About this exercise ▸ Output the entries below word for word, stopping once the line containing "Photo of property" is done, and omit each picture.

Dataset records:
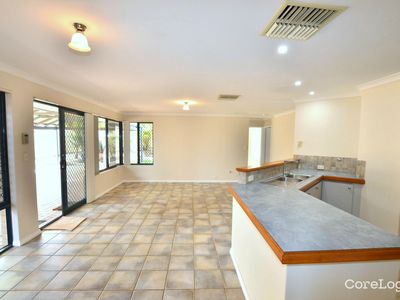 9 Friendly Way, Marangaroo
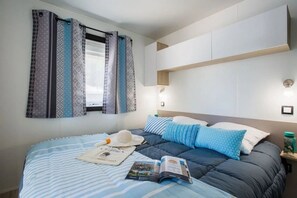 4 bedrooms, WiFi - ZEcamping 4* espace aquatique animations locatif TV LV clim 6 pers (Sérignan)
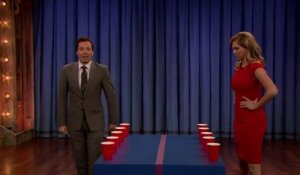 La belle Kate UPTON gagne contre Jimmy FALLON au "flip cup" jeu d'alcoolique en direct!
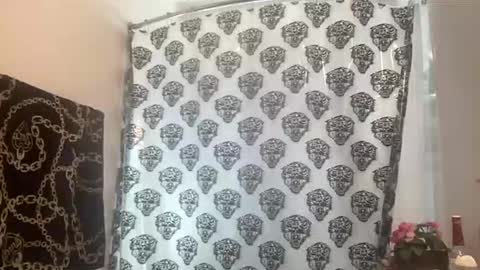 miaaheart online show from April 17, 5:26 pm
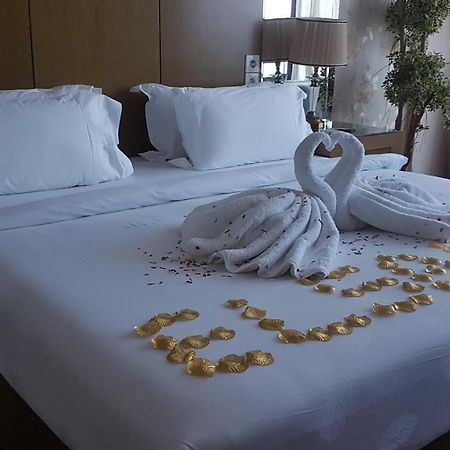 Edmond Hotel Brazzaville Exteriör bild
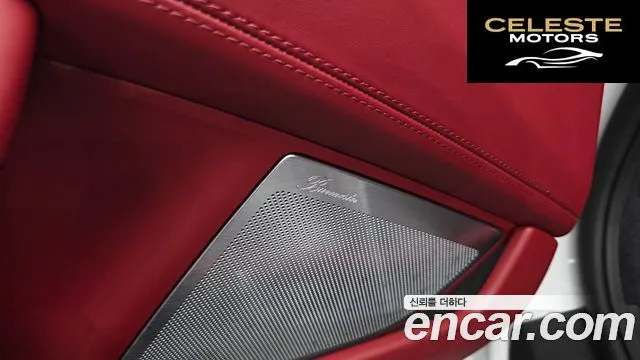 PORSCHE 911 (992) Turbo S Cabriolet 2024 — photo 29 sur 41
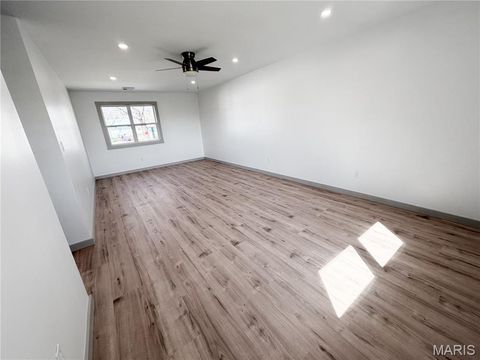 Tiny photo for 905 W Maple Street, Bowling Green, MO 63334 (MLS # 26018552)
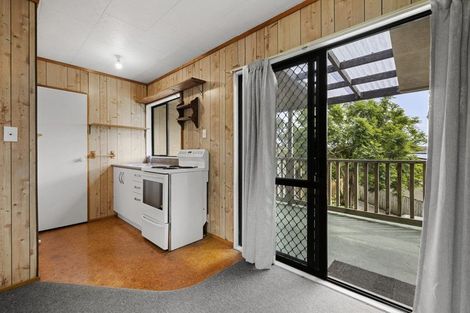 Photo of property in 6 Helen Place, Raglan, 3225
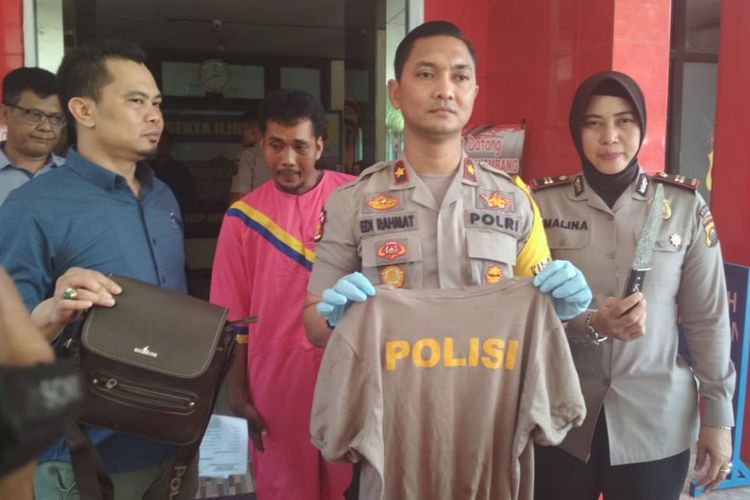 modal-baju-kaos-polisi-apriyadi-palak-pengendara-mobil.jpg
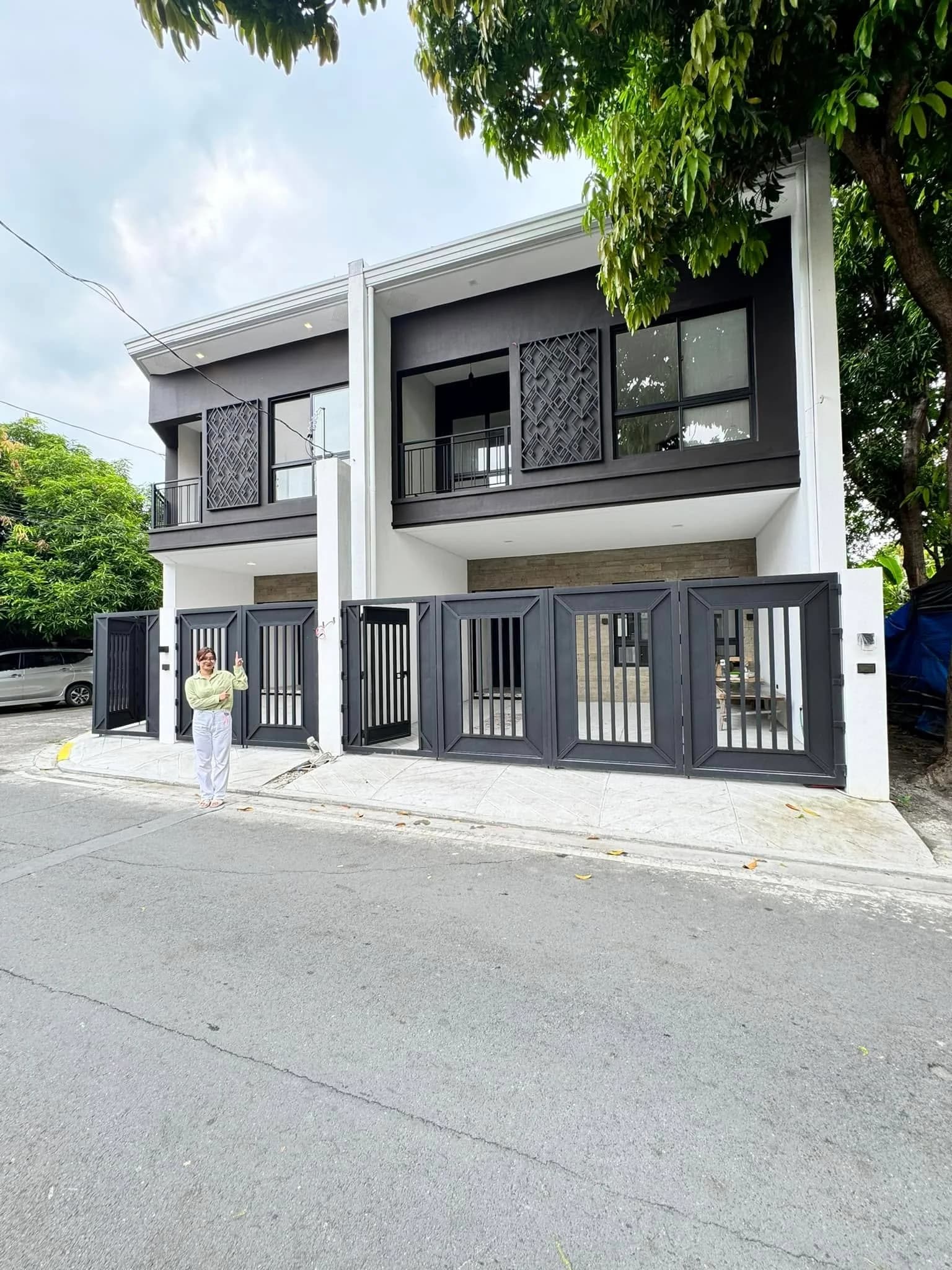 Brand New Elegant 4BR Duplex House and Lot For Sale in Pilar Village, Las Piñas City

Result of the task ▸
 9 Friendly Way, Marangaroo
 4 bedrooms, WiFi - ZEcamping 4* espace aquatique animations locatif TV LV clim 6 pers (Sérignan)
 La belle Kate UPTON gagne contre Jimmy FALLON au "flip cup" jeu d'alcoolique en direct!
 miaaheart online show from April 17, 5:26 pm
 Edmond Hotel Brazzaville Exteriör bild
 PORSCHE 911 (992) Turbo S Cabriolet 2024 — photo 29 sur 41
 Tiny photo for 905 W Maple Street, Bowling Green, MO 63334 (MLS # 26018552)
 Photo of property in 6 Helen Place, Raglan, 3225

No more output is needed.